Provided data below:

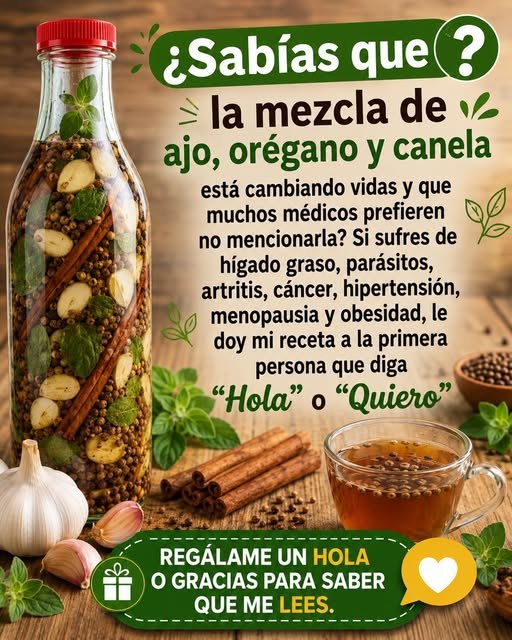 Infusión de Ajo, Orégano y Canela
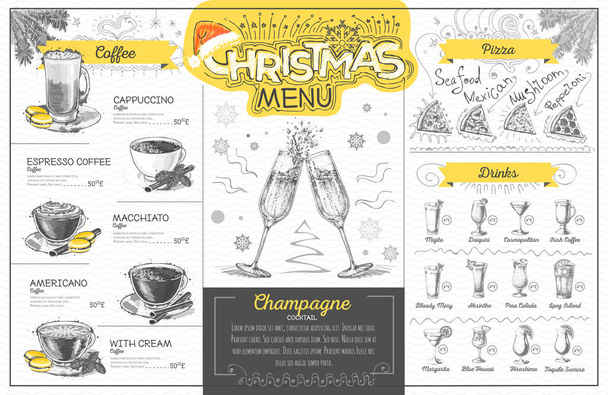 Vintage holiday christmas menu design with champagne. Restaurant menu - Vector, Image
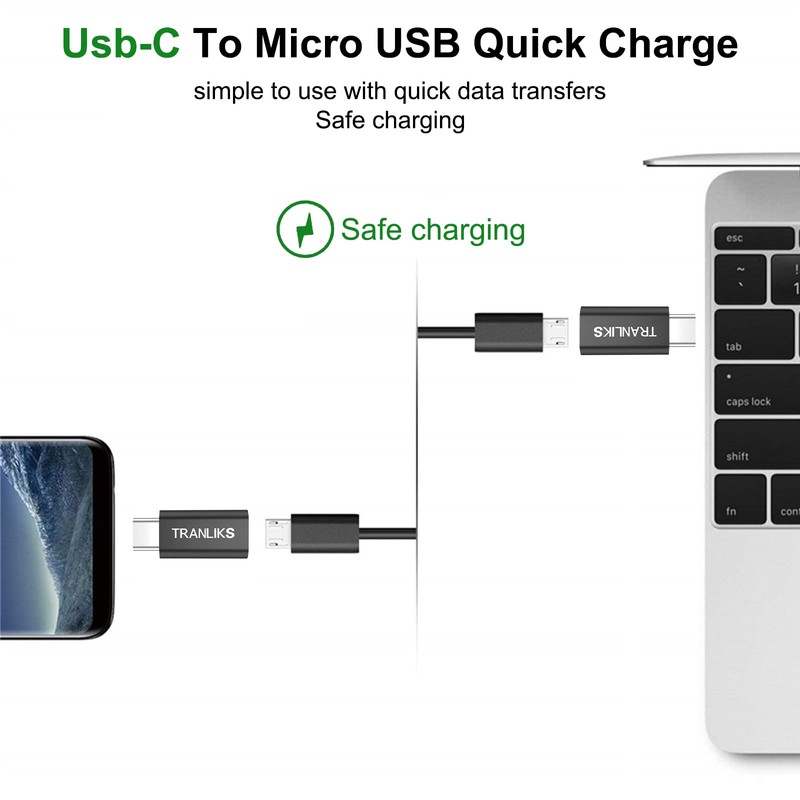 TRANLIKS 5 Pack Micro USB to USB C Adapter Micro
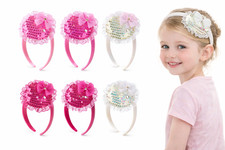 6pcs Cute Girls Sequin Bow Headbands Pink White Kids Hair Accessories Kids Lot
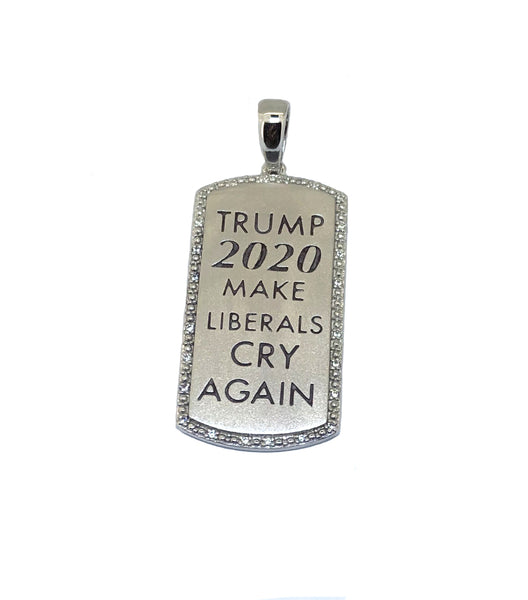 Large 24 Diamond Solid Sterling Silver Dog Tag $289.95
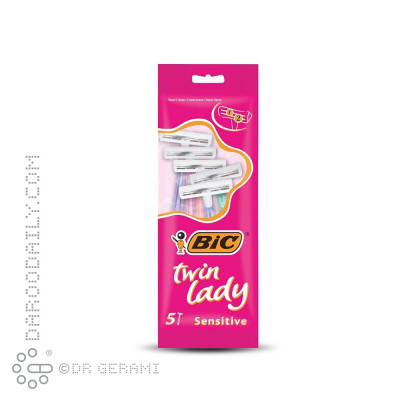 خود تراش دو لبه مدل Twin Lady بیک 5 عددی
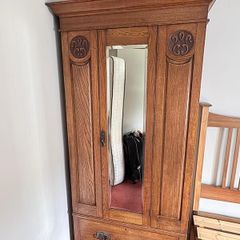 Edwardian Mahogany Wardrobe with Mirror & Linen Drawer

End of Provided data.

### Assigned task:
Copy the lines exactly. Start at the line with "Large 24 Diamond", end at the last line above, include both, and omit all pictures.

### Output:
 Large 24 Diamond Solid Sterling Silver Dog Tag $289.95
 خود تراش دو لبه مدل Twin Lady بیک 5 عددی
 Edwardian Mahogany Wardrobe with Mirror & Linen Drawer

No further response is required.